== Supplied records ==

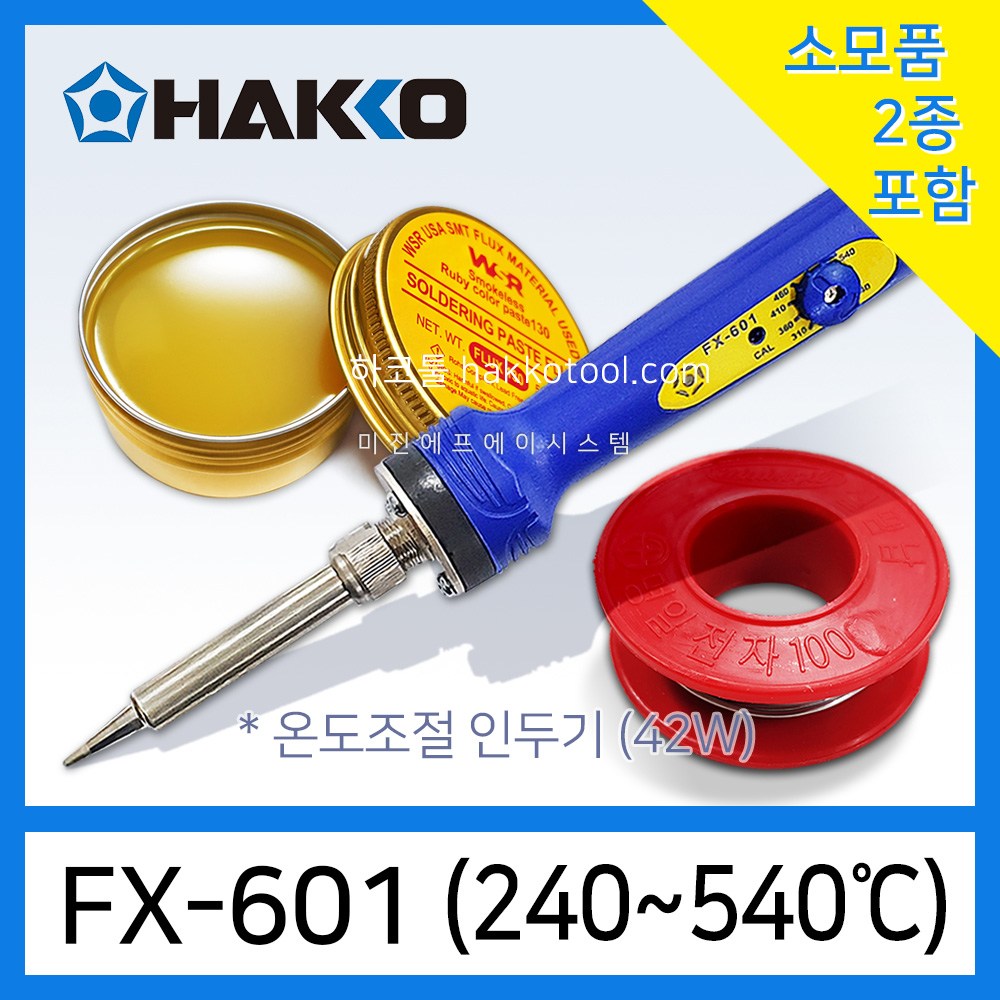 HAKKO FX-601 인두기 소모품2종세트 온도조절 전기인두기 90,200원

===
== Supplied records ==

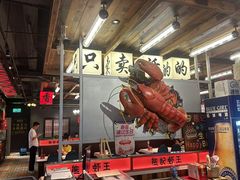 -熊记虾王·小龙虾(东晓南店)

===
== Supplied records ==

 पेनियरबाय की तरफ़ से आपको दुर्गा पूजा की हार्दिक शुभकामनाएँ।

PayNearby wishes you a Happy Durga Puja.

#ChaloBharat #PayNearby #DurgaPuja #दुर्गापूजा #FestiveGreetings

===

Task objective: Please find all lines of the entries that hold the string "PayNearby" and copy them.

Reply to the exercise:
PayNearby wishes you a Happy Durga Puja.
#ChaloBharat #PayNearby #DurgaPuja #दुर्गापूजा #FestiveGreetings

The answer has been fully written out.